▸ **Task instructions**
Search the data for the word "trees". Reproduce every line where it is found.

▸ **Records provided**
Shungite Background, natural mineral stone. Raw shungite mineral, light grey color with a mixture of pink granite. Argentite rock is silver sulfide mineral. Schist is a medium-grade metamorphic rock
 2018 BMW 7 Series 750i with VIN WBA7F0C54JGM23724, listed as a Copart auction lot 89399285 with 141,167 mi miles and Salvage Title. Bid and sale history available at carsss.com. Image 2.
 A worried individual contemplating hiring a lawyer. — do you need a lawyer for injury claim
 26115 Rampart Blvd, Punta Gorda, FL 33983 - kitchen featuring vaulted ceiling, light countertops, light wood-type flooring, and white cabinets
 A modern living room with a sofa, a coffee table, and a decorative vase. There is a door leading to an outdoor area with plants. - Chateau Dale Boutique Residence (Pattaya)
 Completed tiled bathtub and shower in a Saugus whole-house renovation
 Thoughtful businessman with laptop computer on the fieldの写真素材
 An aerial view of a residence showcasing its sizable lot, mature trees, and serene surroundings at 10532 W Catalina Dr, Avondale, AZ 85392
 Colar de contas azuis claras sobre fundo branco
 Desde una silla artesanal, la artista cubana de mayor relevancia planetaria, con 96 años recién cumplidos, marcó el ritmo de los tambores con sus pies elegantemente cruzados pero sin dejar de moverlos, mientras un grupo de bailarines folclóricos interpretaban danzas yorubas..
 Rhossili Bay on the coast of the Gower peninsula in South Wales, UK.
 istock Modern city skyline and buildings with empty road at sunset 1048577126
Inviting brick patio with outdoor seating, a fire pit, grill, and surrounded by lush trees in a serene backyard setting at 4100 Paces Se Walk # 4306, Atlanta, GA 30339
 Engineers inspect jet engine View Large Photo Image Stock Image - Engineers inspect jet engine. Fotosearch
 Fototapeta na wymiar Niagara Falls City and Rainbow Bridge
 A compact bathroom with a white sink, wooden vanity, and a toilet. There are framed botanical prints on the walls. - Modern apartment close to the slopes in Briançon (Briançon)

▸ **Output below**
 An aerial view of a residence showcasing its sizable lot, mature trees, and serene surroundings at 10532 W Catalina Dr, Avondale, AZ 85392
Inviting brick patio with outdoor seating, a fire pit, grill, and surrounded by lush trees in a serene backyard setting at 4100 Paces Se Walk # 4306, Atlanta, GA 30339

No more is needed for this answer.